# Fake plants okay?



## Dooner (Mar 10, 2019)

I don't really want to go the fake plant route, but cant seem to have any success at real ones. Almost every live plant gets eaten done to the nubs. I use the ones suggested by the staff at the LFS, mostly different strains of Anubis. Any suggestions? :-?


----------



## ken31cay (Oct 9, 2018)

I have a small area of fake plants in my 450gal and I think they look nice. The smaller fish in the tank love to gather in and around them.
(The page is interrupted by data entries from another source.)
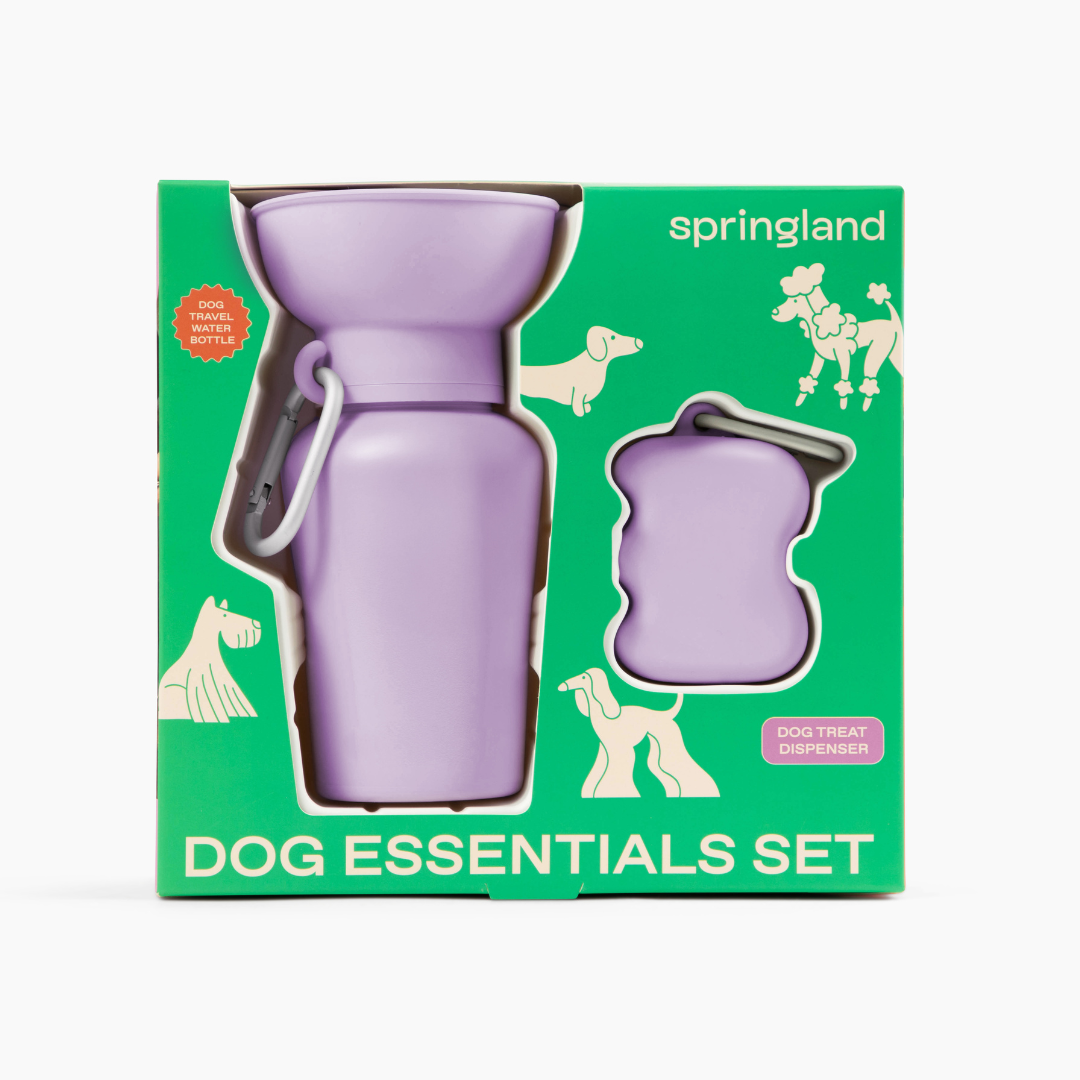 Dog Essentials Gift Box Set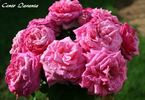 Cento Qaranta rose photo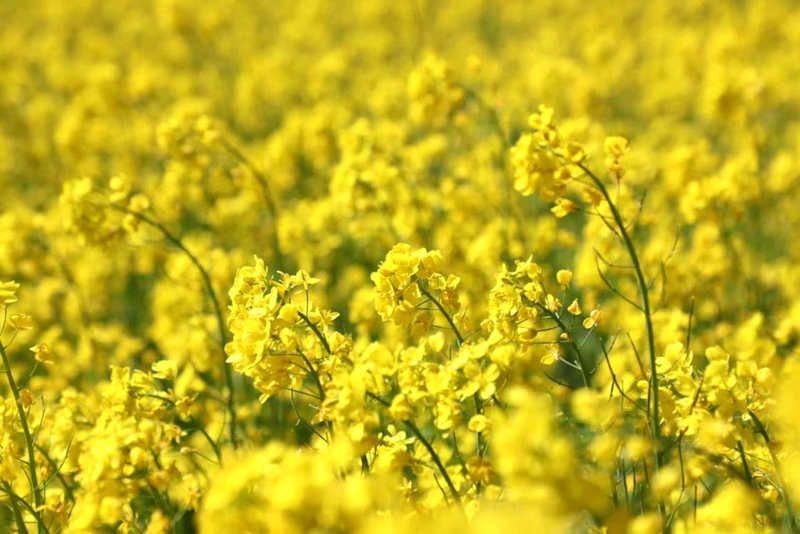 油菜花盛開(kāi)。洛克攝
I have no real plants, just two rock/cave formations at either end and a big casaurina tree root formation preserved then treated with Pond Armor in the middle.


----------



## Deeda (Oct 12, 2012)

Fake plants should be just fine if you like the look. Maybe check out the silk plants sold at craft stores if you want something cheaper than aquarium brands. You will just need to attach them to rocks or structure using silicone adhesive which would require a cure time outside the tank, possibly super glue gel which is fine for aquarium use or sticking the stems under rocks.


----------



## ironspider (Dec 5, 2017)

I use a lot of fake plants. I tried real ones as well that were suggested as a possibility on this board, they didn't work for me. My fake plant look totally fake but at least it adds a little color and the fish don't mess with them.


----------